Klicken Sie auf die unten stehenden Daten, um Irenes Berichte zu lesen.

Hallo zusammen, mein Name ist Irene, ich bin Postdoktorandin am HIFMB und spezialisiert auf Ökoakustik. In den nächsten Monaten werde ich die großartige Gelegenheit haben, an Bord des Forschungsschiffs und Eisbrechers Polarstern zu sein und zum ersten Mal eines der letzten unberührten Ökosysteme der Welt zu sehen – die Umgebung, aus der die akustischen Aufnahmen stammen, mit denen ich arbeite.
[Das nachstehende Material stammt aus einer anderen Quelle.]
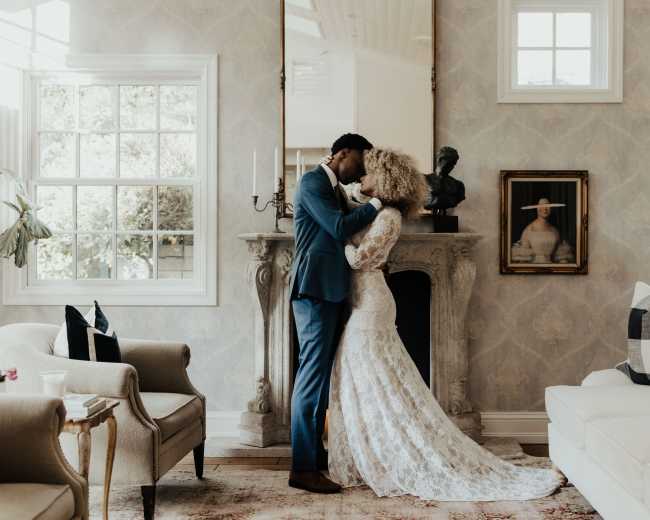 A couple embraces in a stylish living room with a fireplace and large windows.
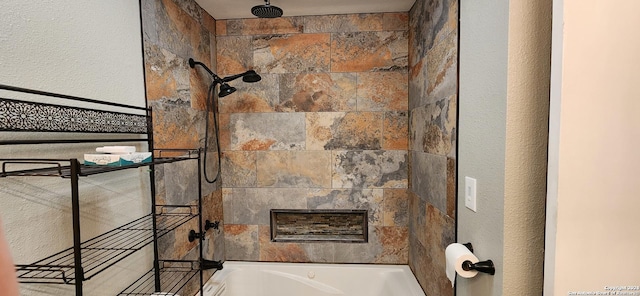8611 Datapoint Unit 59, San Antonio, TX 78229 - bathroom view of a combined bath / shower with rainfall shower and a textured wall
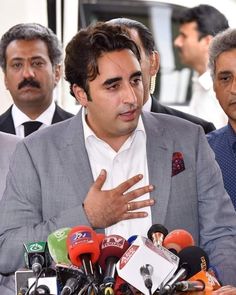 two men sitting at a table with microphones in front of them and one man holding his hand out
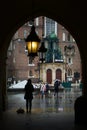 Krakow, Poland - February 23, 2016: View of old Krakow in rainy evening through the archway, Krakow, Poland Royalty Free Stock Photo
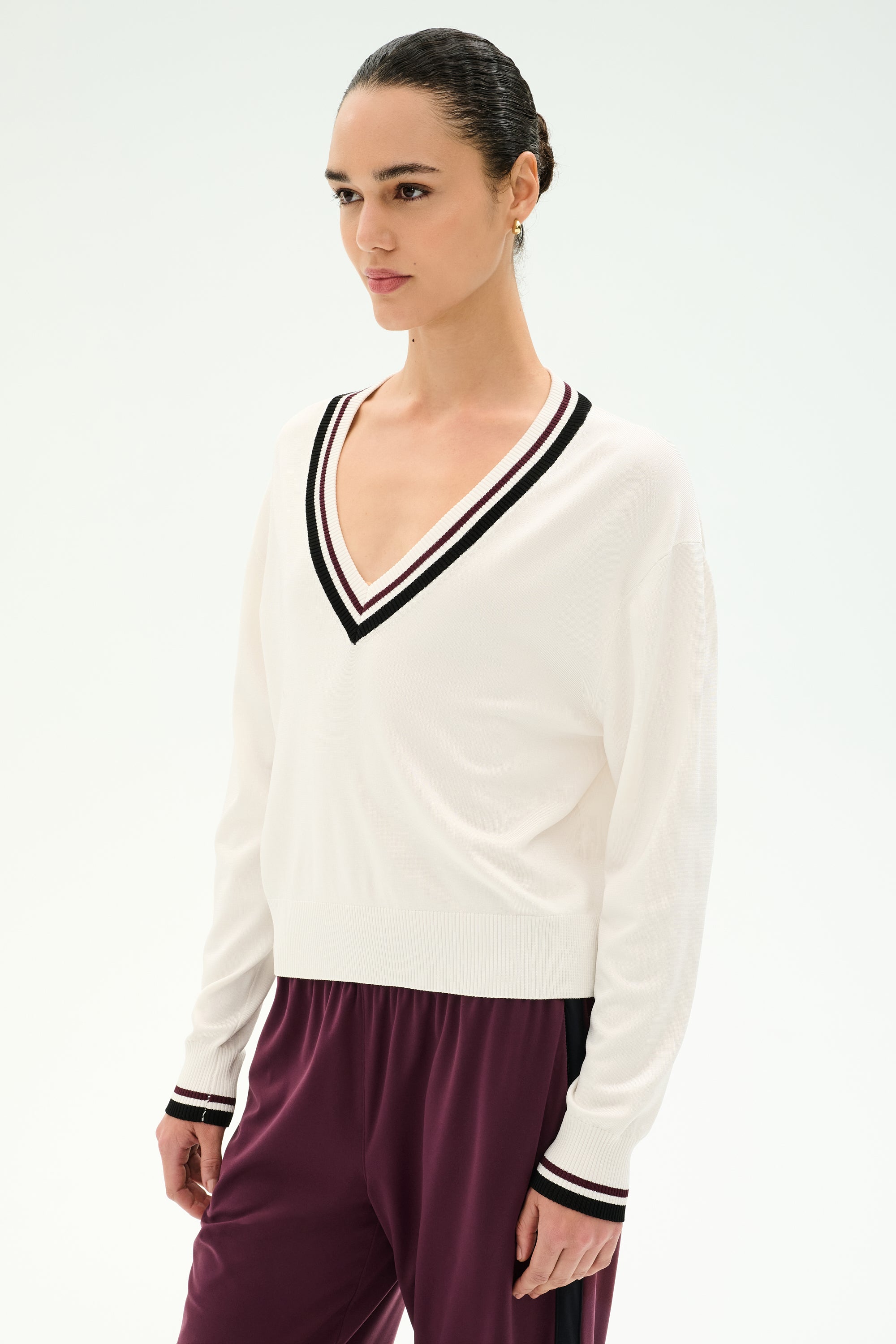 A woman stands against a plain light background wearing the SPLITS59 Jemma Knit V Neck in White/Black—a soft rayon-nylon blend sweater featuring a white V-neck design with black trim—paired with maroon pants.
Aber um das Schiff zu erreichen, müssen wir zuerst von Oldenburg, Deutschland, bis nach Kapstadt, Südafrika (“the adventure lover’s playground”), reisen und dort in Quarantäne gehen. Ja, für 10 lange Tage werden wir in “The Mother City” in unseren Hotelzimmern in Quarantäne sein.

Nach mehr als 15 Stunden eigentlich recht reibungsloser Reise erreichen wir den internationalen Flughafen von Kapstadt. Ich bin gespannt auf die Eindrücke, die ich draußen sehen werde, und freue mich – noch immer maskiert – darauf, den Flughafen zu verlassen und ins Freie zu gehen. Endlich sehe und spüre ich die Sonne! Aber es bleibt nicht viel Zeit, sie zu genießen, denn wir müssen in unseren Bus steigen, der uns zu unserem Quarantänehotel fahren wird. Aus den Fenstern des Busses sehen wir die Elendsviertel, die das Landschaftsbild entlang der Straße prägen und während der 20-minütigen Busfahrt ein ständiger Anblick sind. Wir sehen auch den Tafelberg in der Ferne und erahnen die roten Dächer der Universität von Kapstadt an seinem Fuße. Schließlich erreichen wir die Century City mit ihren luxuriösen Gebäuden, die in starkem Kontrast zu dem stehen, was wir zuvor auf der Straße gesehen haben.

Photo: Irene Roca

Das Hotel sieht groß und elegant aus, und wir werden schnell in unsere Zimmer gebracht, die für die nächsten zehn Tage unser alleiniger Aufenthaltsort sein werden. Alle unsere Bedürfnisse sind hier jedoch gut abgedeckt. Wir haben sogar eine kleine Matratze und eine handgroße Kugelhantel zum Trainieren. Zu jeder Mahlzeit wird uns das Essen gebracht und vor der Tür abgestellt, damit wir es abholen können. Außerdem werden wir jeden zweiten Tag auf COVID getestet.

Blick von der Polarstern auf Kapstadt. Photo: Irene Roca

Die zehn Tage der Quarantäne sind bereits vergangen. Endlich, und glücklicherweise, bilden wir an Bord der Polarstern eine Gruppe von 44 Besatzungsmitgliedern und 49 Teilnehmern, darunter Piloten, Techniker, Ingenieure und Wissenschaftler. Wir sind alle bereit für den Start der PS129-Expedition!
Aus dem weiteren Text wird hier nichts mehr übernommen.